• Task instructions:
The lines to return are the one containing "BMW Seria 1 120i M Sport - 6" and all that follow it in the entries below, duplicated exactly and nothing else.

····················

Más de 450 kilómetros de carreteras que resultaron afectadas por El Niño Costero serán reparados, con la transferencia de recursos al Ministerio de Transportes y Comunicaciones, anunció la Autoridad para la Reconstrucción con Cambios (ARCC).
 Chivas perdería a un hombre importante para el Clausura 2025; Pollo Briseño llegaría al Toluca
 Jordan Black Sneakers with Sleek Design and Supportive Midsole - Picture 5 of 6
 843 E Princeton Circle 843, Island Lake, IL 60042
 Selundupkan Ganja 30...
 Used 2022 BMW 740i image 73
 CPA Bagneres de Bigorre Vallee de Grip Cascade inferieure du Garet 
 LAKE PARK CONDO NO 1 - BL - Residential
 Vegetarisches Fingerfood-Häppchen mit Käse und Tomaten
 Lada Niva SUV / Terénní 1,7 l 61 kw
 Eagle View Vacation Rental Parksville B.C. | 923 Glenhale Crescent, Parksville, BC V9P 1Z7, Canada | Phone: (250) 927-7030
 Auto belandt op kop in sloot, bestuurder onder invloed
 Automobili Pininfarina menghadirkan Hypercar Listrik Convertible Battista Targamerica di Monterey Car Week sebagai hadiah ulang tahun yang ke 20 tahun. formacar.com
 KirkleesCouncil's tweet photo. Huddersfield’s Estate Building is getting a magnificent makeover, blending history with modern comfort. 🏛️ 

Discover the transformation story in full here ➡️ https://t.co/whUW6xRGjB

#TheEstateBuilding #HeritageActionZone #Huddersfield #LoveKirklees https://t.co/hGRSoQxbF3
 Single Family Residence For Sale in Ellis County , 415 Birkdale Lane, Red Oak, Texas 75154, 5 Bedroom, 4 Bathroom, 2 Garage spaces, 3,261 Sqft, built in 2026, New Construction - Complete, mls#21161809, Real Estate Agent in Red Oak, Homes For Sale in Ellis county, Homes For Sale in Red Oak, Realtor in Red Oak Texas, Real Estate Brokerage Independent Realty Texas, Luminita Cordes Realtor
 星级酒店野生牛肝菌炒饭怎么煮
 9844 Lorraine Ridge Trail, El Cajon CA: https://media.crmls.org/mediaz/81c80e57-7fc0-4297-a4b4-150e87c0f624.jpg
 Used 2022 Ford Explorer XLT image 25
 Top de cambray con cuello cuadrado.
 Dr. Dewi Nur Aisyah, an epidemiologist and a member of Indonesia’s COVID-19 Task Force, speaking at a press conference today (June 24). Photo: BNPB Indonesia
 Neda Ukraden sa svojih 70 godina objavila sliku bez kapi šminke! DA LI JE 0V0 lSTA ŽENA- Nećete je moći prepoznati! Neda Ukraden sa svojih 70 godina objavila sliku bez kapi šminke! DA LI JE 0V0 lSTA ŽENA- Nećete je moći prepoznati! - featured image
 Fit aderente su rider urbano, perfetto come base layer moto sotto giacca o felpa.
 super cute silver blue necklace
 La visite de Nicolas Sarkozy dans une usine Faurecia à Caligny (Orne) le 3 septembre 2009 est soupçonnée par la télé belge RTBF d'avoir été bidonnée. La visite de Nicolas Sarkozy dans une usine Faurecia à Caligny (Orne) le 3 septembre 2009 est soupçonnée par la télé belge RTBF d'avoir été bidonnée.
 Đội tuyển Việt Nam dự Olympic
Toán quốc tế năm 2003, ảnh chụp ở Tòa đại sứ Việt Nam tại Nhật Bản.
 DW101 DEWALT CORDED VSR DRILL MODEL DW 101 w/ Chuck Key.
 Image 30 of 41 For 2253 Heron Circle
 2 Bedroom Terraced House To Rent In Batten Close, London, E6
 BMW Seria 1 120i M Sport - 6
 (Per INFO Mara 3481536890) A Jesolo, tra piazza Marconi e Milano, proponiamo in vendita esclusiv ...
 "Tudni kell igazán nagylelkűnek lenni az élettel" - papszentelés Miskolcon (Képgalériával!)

····················

• Solution for this exercise:
 BMW Seria 1 120i M Sport - 6
 (Per INFO Mara 3481536890) A Jesolo, tra piazza Marconi e Milano, proponiamo in vendita esclusiv ...
 "Tudni kell igazán nagylelkűnek lenni az élettel" - papszentelés Miskolcon (Képgalériával!)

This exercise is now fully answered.